31 Desember 2007, jam 16: 35 WIB aku tiba di rumah setelah menjalani hari dengan rutinitas kerja yang dilalui seperti hari sebelumnya. Memang tidak ada jadwal yang penting hari ini, hanya meladeni beberapa mahasiswa yang sedang menjalani pembimbingan skripsi. Ada yang berbeda antara mahasiswa dahulu dengan mahasiswa sekarang, kalau mahasiswa dulu begitu sakral melihat skripsi, melihatnya seperti seorang prajurit terhadap medan perang yang harus siap dengan semua kemungkinan atau melihatnya seperti seorang petualang yang menemukan peta harta karun sehingga semua energi tercurah di sana. Tidak heran jika kami dahulu rela berjalan-jalan ke kota seberang untuk mencari inspirasi yang baik, membeli buku langka yang bisa menambah wawasan atau berkutat di perpustakaan universitas lain yang lebih lengkap. Mahasiswa terdahulu melihat skripsi sebagai monument intelektual yang harus dibuat seindah dan sesempurna mungkin. Kini aku sedang berhadapan dengan mahasiswa yang merengek-rengek supaya bisa seminar sebelum bulan maret. Ada juga yang merengek-rengek karena buku yang aku minta untuk dibaca tidak ditemukan di perpustakaan fakultas dan universitas. Huh, apa pula yang ada di pikiran anak manusia cerdas itu. Mereka anggap apa skripsi ini. Apakah sekedar kumpulan kertas sampah?, sampah yang berasal dari pikirannya sendiri. Jangan-jangan mereka juga menganggap kampus ini kubangan sampah dan aku juga dianggap sampah. Ah, sudahlah. Anak manusia seperti ini yang memang harus diajarkan tentang penghargaan, kerja keras dan tanggung jawab di dunia. Aku tak sanggup membayangkan kalau setelah lulus nanti mereka hanya menjadi sarjana-sarjana sampah. Sudah terlalu banyak sampah di bumi ini.
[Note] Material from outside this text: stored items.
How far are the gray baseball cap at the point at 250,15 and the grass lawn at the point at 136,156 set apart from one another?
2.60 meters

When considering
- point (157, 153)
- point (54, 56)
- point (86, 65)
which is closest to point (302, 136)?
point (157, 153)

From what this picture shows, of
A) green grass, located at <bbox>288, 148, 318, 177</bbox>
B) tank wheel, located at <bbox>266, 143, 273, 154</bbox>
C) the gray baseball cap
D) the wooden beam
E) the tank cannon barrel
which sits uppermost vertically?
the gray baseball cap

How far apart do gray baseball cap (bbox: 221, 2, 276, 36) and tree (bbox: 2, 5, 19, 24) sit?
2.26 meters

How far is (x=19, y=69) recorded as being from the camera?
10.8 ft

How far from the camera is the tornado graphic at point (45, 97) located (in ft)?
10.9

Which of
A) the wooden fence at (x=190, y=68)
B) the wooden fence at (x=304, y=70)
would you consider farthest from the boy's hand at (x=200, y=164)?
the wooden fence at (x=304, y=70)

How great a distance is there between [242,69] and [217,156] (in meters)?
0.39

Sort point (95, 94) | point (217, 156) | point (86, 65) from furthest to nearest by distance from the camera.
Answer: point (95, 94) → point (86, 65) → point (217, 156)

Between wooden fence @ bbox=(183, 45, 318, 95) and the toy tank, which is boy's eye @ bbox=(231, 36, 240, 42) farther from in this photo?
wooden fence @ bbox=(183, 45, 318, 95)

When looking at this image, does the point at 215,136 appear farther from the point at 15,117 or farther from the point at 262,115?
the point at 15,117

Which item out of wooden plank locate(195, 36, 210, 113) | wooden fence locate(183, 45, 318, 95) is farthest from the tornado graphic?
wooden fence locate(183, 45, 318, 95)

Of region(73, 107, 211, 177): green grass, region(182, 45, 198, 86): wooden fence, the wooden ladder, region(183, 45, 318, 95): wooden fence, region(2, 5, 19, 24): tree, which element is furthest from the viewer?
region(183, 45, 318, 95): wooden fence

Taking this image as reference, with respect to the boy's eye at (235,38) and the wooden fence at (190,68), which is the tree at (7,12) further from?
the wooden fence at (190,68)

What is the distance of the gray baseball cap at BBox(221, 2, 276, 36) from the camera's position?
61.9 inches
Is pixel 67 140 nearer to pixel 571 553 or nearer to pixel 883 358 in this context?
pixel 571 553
Kalau sudah dirumah aku lepaskan semua cerita-cerita unik yang sudah biasa itu, biarkan saja menjadi salah satu bagian perjalanan hidup. Menjadi salah satu bagian di dalam buku tahun yang segera berganti ini. Aku tidak punya rencana apapun di malam tahun baru ini. Hanya ritual kecil yang dijalankan oleh keluarga. Berdoa bersama di detik-detik awal tahun yang baru, sambil menanam harapan yang lebih baik di esok hari. Setelah itu aku akan tidur karena ada rencana besar yang mau aku datangi, aku akan keluar kota mengunjungi cahaya yang muncul di ujung tahun kemarin. Cahaya yang kembali menghangatkan jiwaku yang selama ini dingin. Nur, tunggulah aku esok hari.
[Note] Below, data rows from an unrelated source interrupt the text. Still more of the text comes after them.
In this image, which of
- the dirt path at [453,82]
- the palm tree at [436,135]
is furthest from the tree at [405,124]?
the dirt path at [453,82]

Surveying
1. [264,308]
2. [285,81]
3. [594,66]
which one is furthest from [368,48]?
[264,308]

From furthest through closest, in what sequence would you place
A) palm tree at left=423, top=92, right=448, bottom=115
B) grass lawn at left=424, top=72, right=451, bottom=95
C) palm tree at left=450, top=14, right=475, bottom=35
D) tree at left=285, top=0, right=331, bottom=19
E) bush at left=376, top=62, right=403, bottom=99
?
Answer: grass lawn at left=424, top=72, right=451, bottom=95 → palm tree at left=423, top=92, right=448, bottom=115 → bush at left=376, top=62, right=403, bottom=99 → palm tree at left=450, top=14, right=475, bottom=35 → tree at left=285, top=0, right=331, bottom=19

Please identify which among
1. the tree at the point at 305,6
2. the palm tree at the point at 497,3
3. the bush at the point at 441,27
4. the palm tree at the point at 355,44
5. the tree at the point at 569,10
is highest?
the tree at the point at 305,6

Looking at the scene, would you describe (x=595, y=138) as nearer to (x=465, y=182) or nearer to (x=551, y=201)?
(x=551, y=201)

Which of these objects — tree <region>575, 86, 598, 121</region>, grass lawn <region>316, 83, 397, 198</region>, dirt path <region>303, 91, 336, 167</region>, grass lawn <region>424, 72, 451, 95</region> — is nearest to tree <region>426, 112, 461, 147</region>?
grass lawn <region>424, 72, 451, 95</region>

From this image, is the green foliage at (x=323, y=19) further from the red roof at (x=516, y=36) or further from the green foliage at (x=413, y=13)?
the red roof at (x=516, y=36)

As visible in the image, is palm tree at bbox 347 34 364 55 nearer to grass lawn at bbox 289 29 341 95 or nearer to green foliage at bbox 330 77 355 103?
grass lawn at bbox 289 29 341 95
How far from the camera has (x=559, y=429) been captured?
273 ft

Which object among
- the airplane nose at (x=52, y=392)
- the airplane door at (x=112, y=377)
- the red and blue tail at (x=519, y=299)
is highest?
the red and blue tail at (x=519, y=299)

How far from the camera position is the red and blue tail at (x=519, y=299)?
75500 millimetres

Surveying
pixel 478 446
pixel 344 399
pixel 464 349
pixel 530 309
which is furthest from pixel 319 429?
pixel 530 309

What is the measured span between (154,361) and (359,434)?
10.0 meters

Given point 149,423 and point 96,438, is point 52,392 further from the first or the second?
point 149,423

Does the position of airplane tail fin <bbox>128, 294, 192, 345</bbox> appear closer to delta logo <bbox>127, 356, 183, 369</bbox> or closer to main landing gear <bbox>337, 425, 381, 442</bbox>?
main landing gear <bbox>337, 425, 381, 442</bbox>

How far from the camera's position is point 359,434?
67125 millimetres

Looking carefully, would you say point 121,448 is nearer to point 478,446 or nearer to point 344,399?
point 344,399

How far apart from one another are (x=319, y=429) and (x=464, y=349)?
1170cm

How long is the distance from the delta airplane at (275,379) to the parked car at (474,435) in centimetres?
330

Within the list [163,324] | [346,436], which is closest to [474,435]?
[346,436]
Malam sudah seperempat, masih bercengkerama bercerita bersama keluarga. Di temani acara televisi yang diantaranya menayangkan sajian live perayaan tahun baru. Ah, semua acara sudah tampak sama di mataku. Tiba-tiba pintuku diketuk. Pintu pun kubuka.

“ pak, ada warga yang meninggal”, pak mardi tetanggaku berkata dengan tenang.

“ siapa?” tanyaku menggali informasi.

“ si wawan, anak yang beda itu”, pak hasan menjawab dengan tegas.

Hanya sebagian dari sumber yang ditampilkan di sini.